It is building an American Gulag, one that threatens to

assume the mantle of The New Evil Empire.

The conception of an American Gulag did not start with

Stalin. It harks back to the Nazi era. Aside from its assault

on humanity, the idea of slave labor always has been a blunder.

It will be viewed as no less a blunder when the American Gulag

finally emerges from its nightmare -- if it ever emerges. For

now, it must be stated that our historical memories are short,

indeed.

THE GULAG

By the time Josef Stalin took command of the U.S.S.R., the

inner circles knew communism to be a failure. Aleksandr

Solzhenitsyn related this intelligence in volume two of his

Gulag Archipeligo. He also explained that Stalin closeted

himself for several days with a Turkish businessman named

Naftaly A. Frenkel, an old friend. Frenkel reasoned, as do

most businessmen, that values and profits are predatory, always

achieved at the expense of others. He told Stalin that in

order for Communism to succeed, it would be necessary to get

free labor. This conclusion achieved, the two then proceeded

to construct their syllogism.

Frenkel pointed out that not just any labor would do.

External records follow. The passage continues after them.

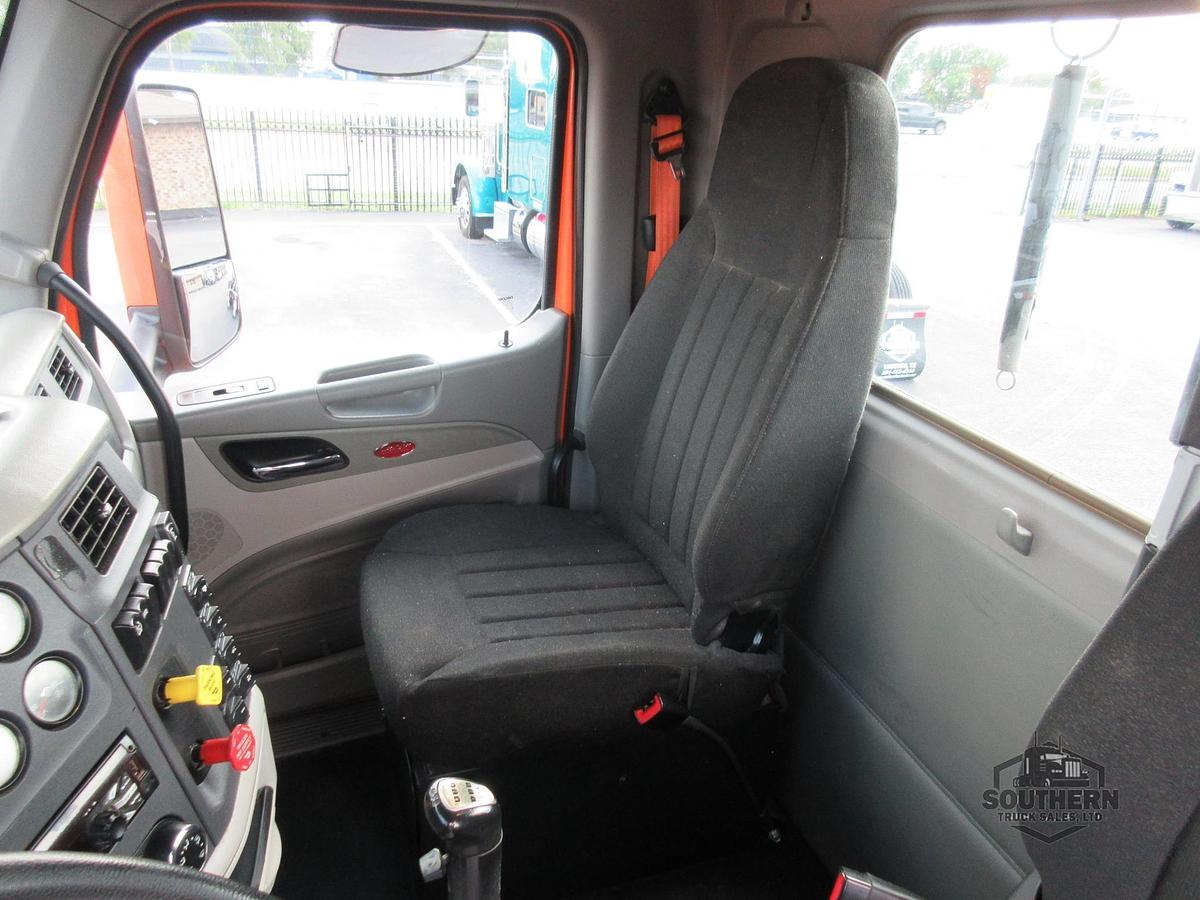 Used 2019 PETERBILT 567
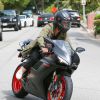Exclusif - Prix Spécial - Justin Bieber fait de la moto à Los Angeles, le 17 mars 2015. Le chanteur a customisé sa moto Ducati avec ses initiales "JB". 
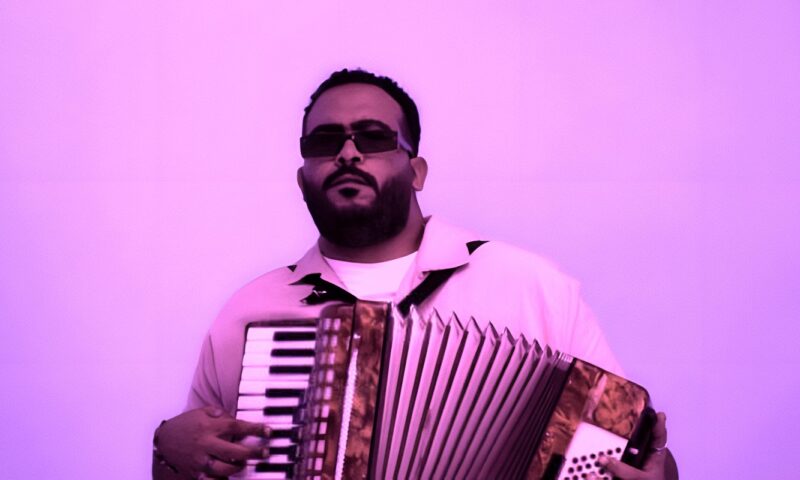 خالد عصام يطلق ألبوم “مترو” بخمس أغنيات جديدة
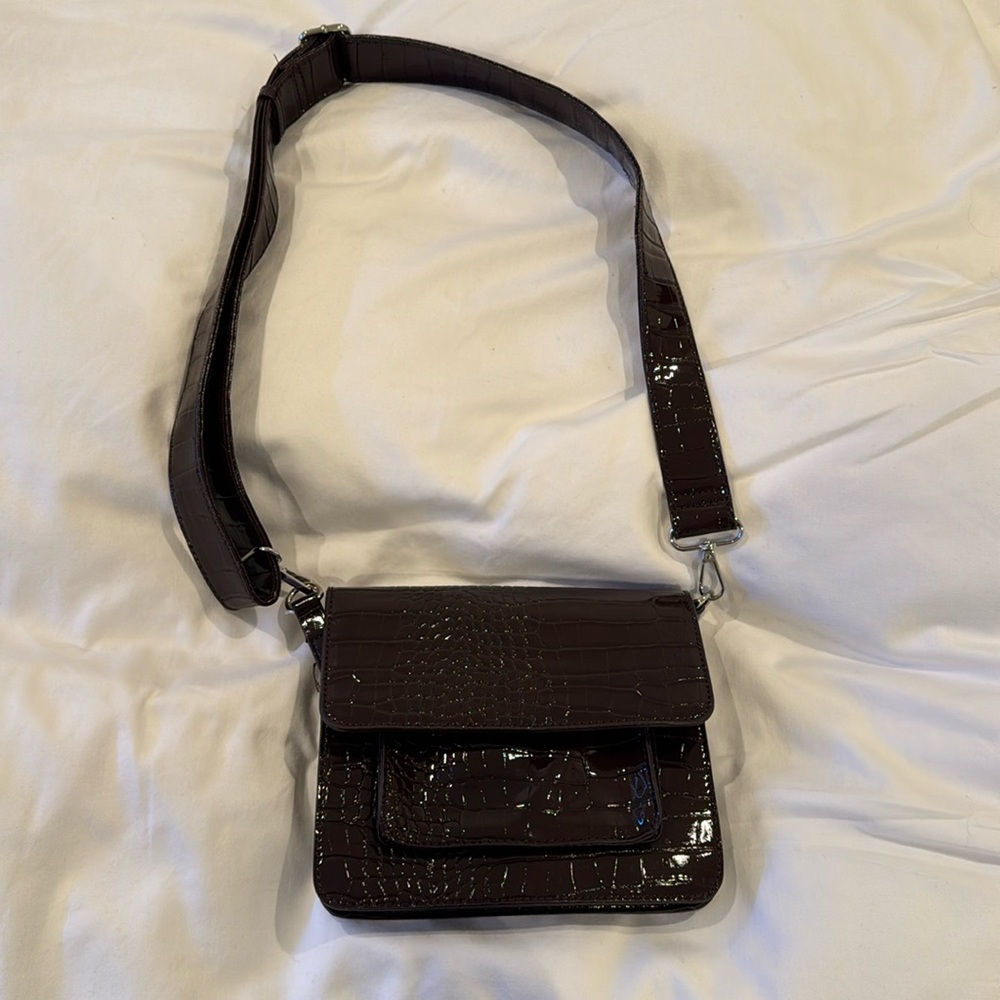 HVISK crossbody bag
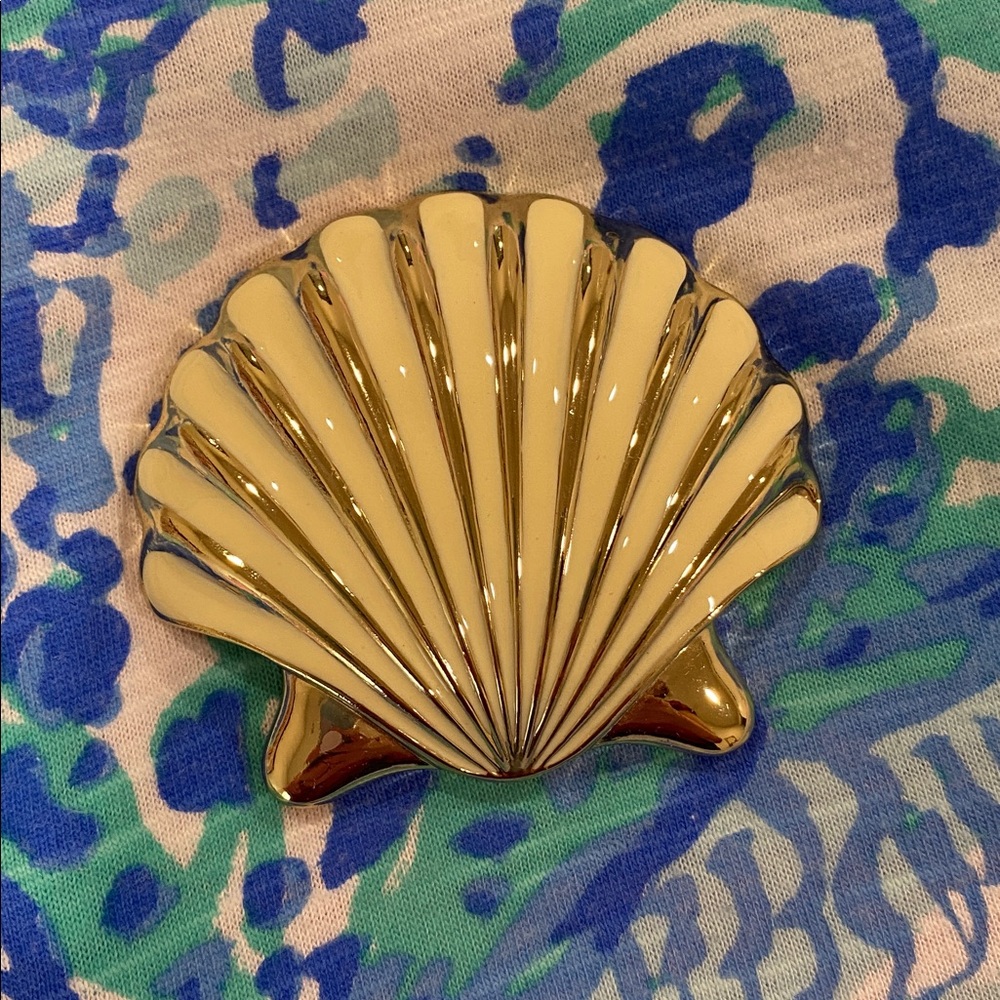 Lilly Pulitzer Bottle Opener Fan Sea
Pants Shell Gold
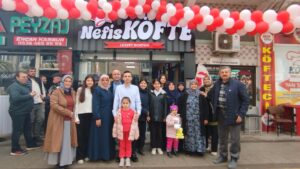 Davetliler, Metehan Al'a yeni yerinde başarılar dileyerek iyi dileklerini iletti.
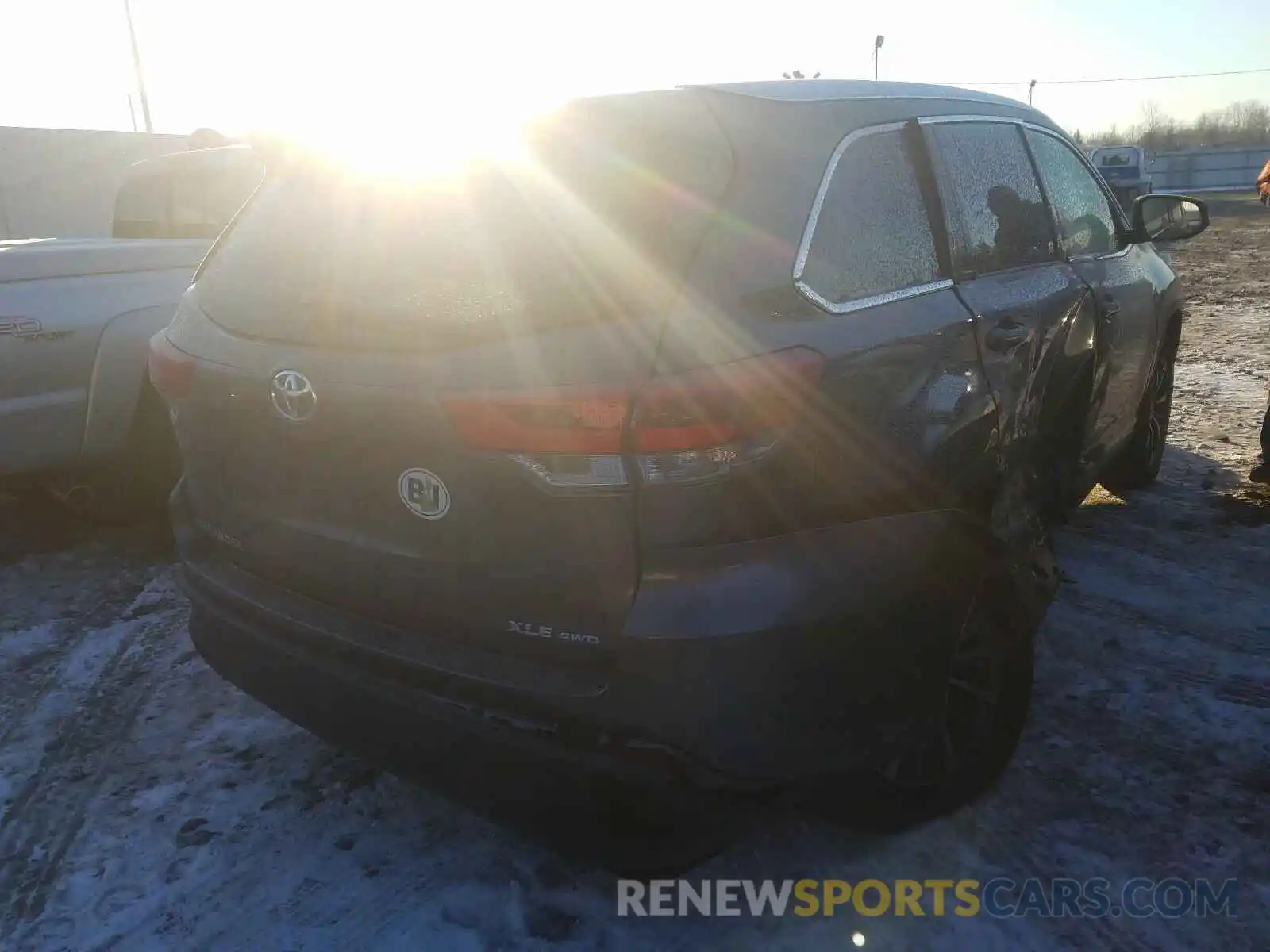 4 Photograph of a damaged car 5TDJZRFH6KS612067 TOYOTA HIGHLANDER 2019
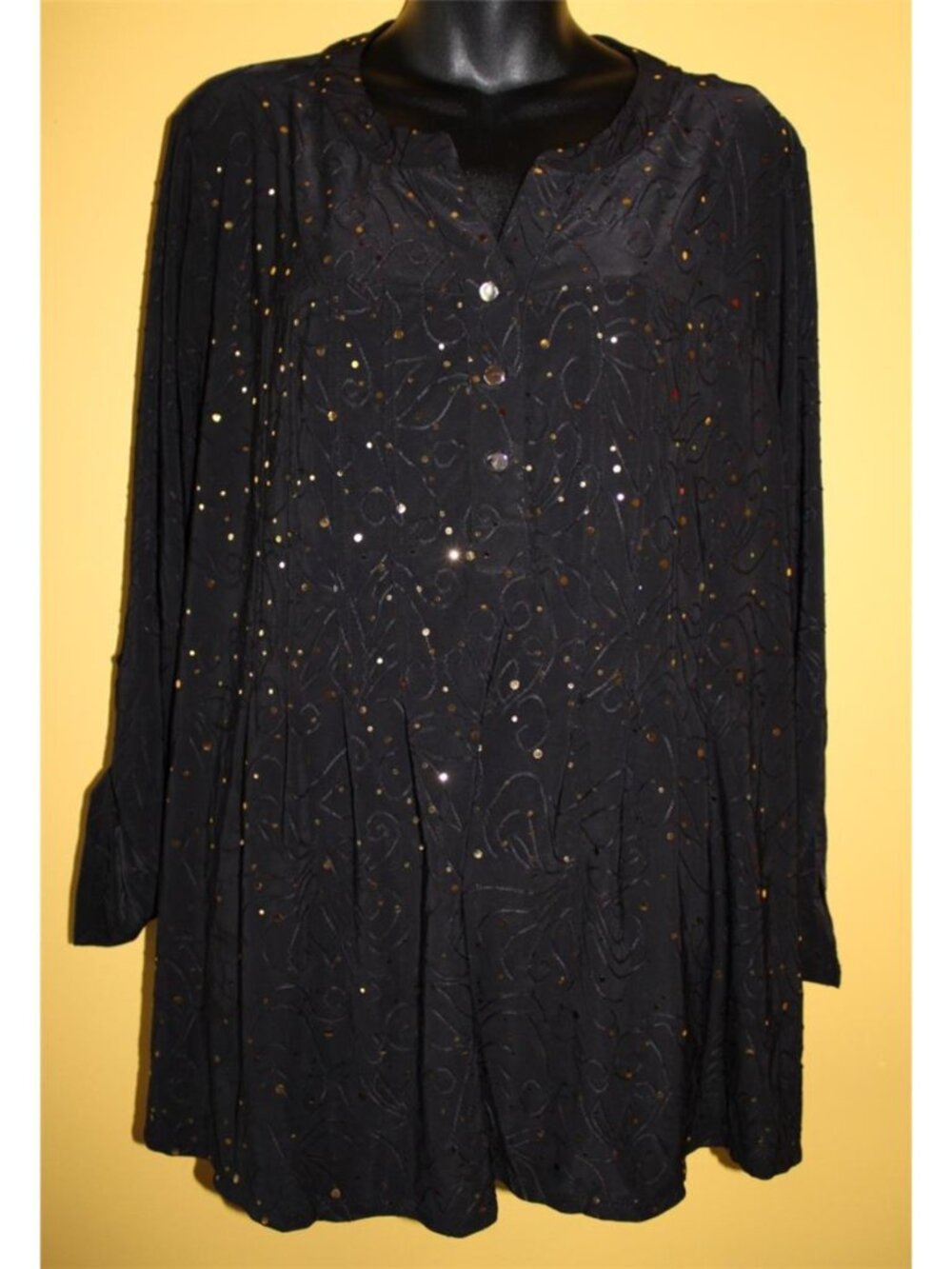Notations Woman 2x Black Gold Sparkles Embroidered Top Roll Tab 3/4 Long Slvs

This free labor had to know how to do things -- and thus the

judgement was made to draw up a list of engineers. "Now," said

Frenkel, "arrest every seventh one!" These workers would bring

their own energy into the system. And the system would harvest

this energy, giving all those who confessed to choreographed

crimes only thin cabbage soup and minimal support for life.

Most would be dead in a year or two.

This free labor built and staffed the Gulag. As the Gulag

expanded, coal, minerals, gold -- especially gold -- and timber

met the raw materials requirements of what the pundits called

"the future now."

There was a problem with this business equation. It did

not answer the requirements of economics. Because free labor

was used, raw materials failed to generate the base income that

could -- via the multiplier -- hoist up the national income.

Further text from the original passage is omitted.